### Problem
When you reach the line with "scatola originale Swarovski" in the listing below, write out that line and every one after it exactly, and skip the pictures.

### Data extract

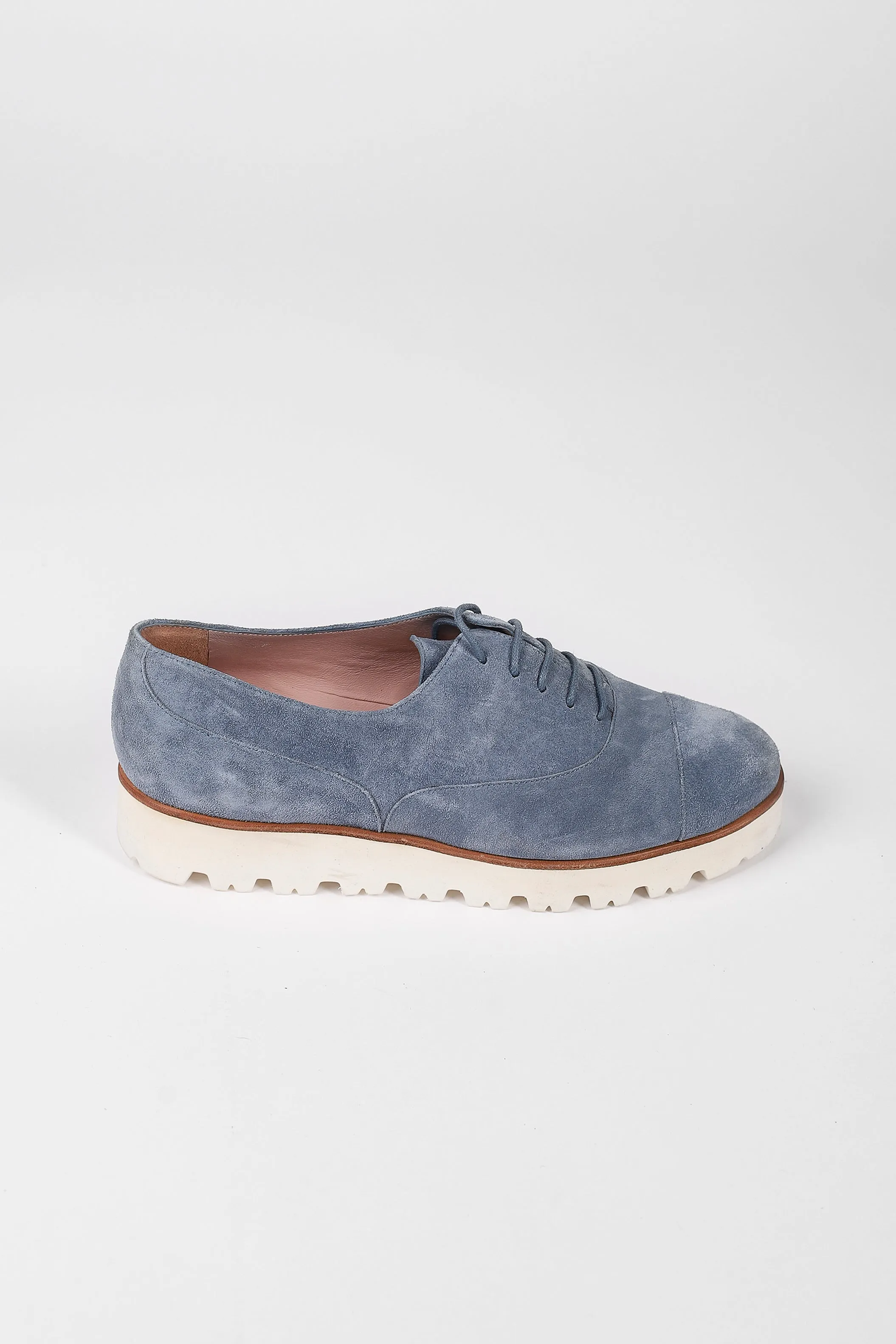 LOAFERS GAMUZA CELESTE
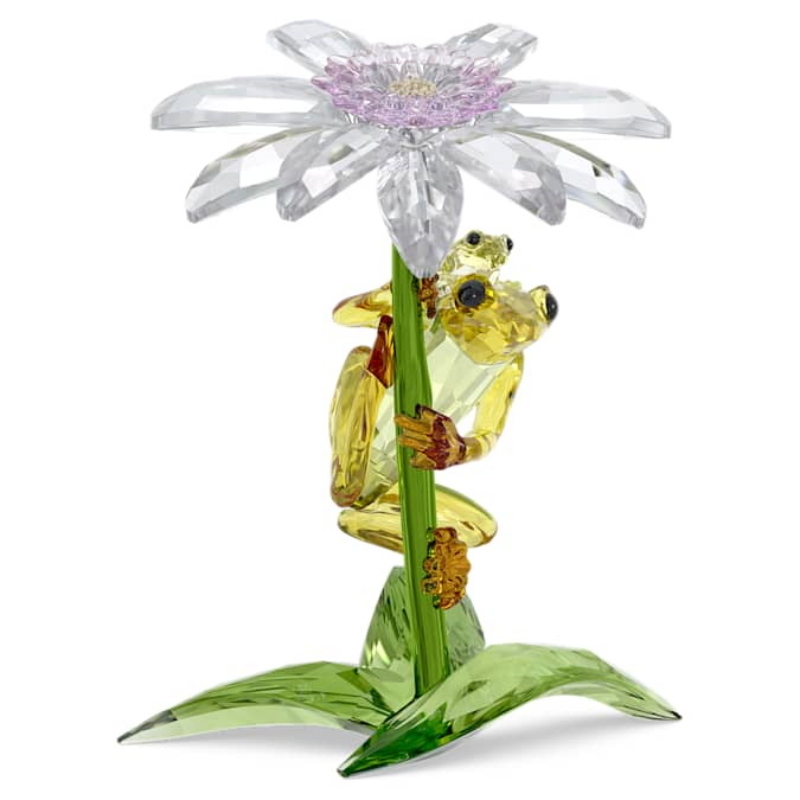 Swarovski 5670892 swarovski fashion piece - idyllia frogs and flower nuovo in scatola originale Swarovski 5670892 swarovski fashion piece - idyllia frogs and flower nuovo in scatola originale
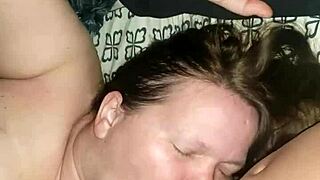 Sucking my massive cock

### Solution to this task
 Swarovski 5670892 swarovski fashion piece - idyllia frogs and flower nuovo in scatola originale Swarovski 5670892 swarovski fashion piece - idyllia frogs and flower nuovo in scatola originale
 Sucking my massive cock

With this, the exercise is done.